- [Task to complete]
A letter-for-letter copy of the listing is required, with no pictures in it.

---- Dataset excerpt

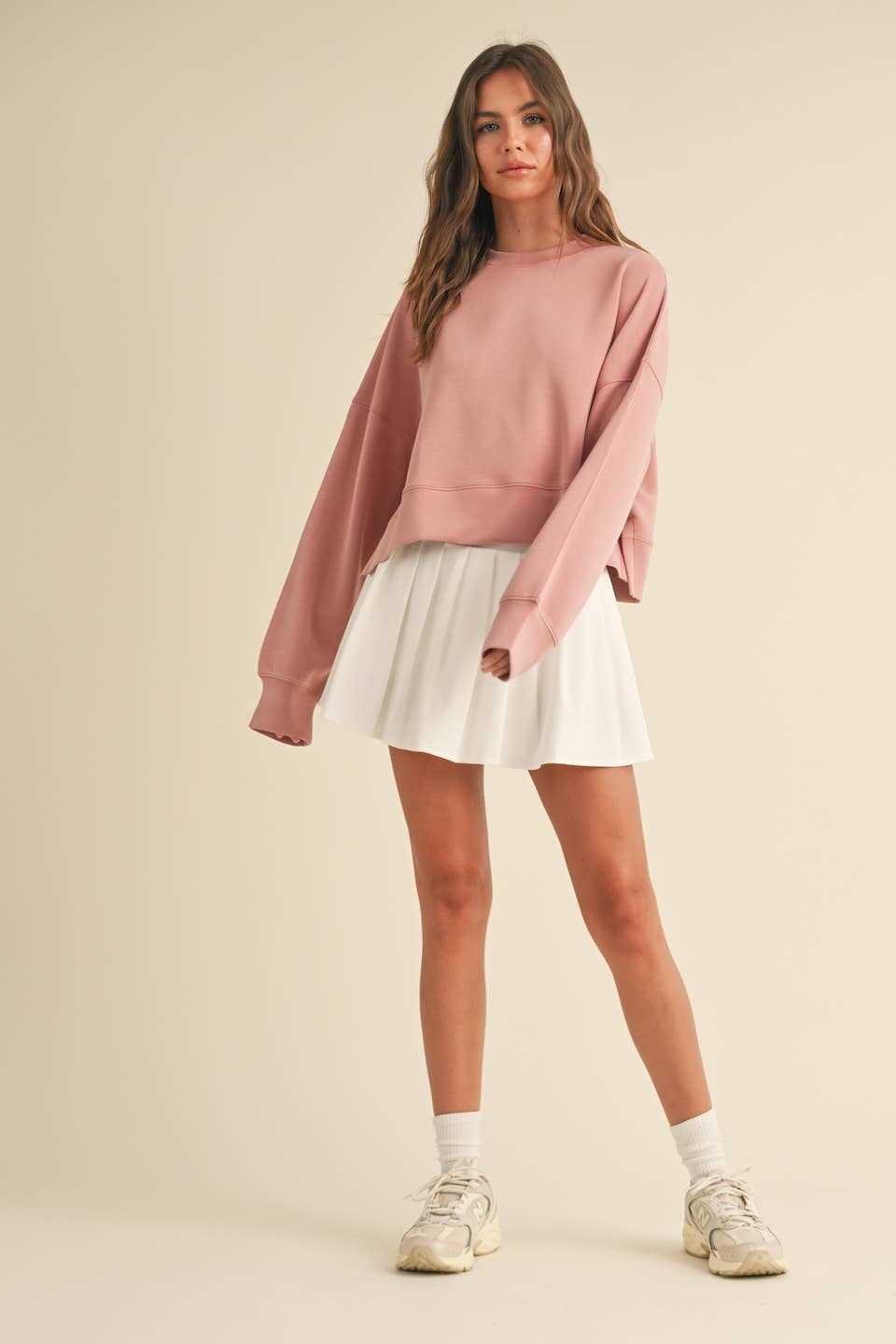 Emmy Super Soft Oversized Crop Crew: Rose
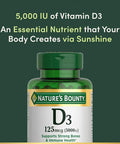 Nature's Bounty Vitamin D3 5000 IU Softgels Rapid Release Immune Support Vitamin D Supplements 150 Ct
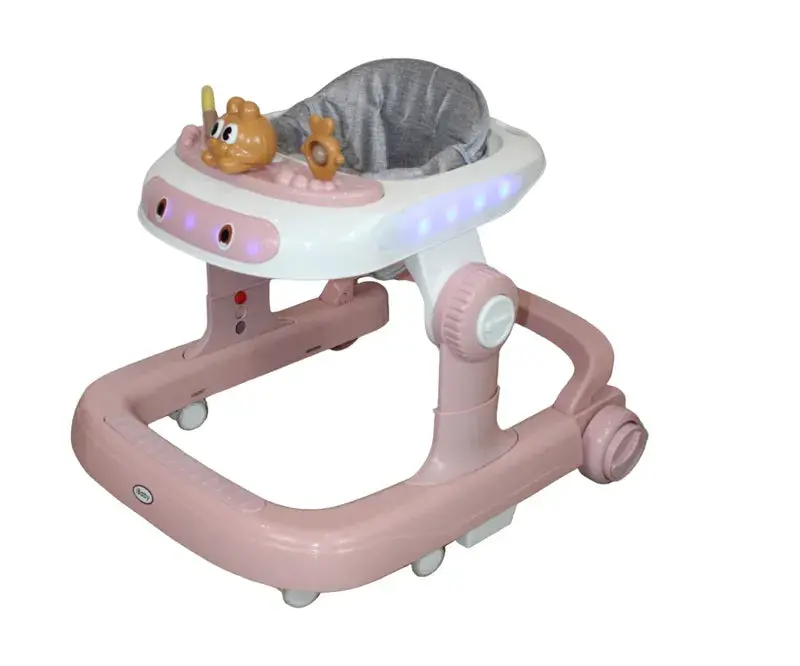 Andadera Y Caminadora 3 En 1 Musical Luces Led Rosa Ibaby 2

--------

- [Output below]
 Emmy Super Soft Oversized Crop Crew: Rose
 Nature's Bounty Vitamin D3 5000 IU Softgels Rapid Release Immune Support Vitamin D Supplements 150 Ct
 Andadera Y Caminadora 3 En 1 Musical Luces Led Rosa Ibaby 2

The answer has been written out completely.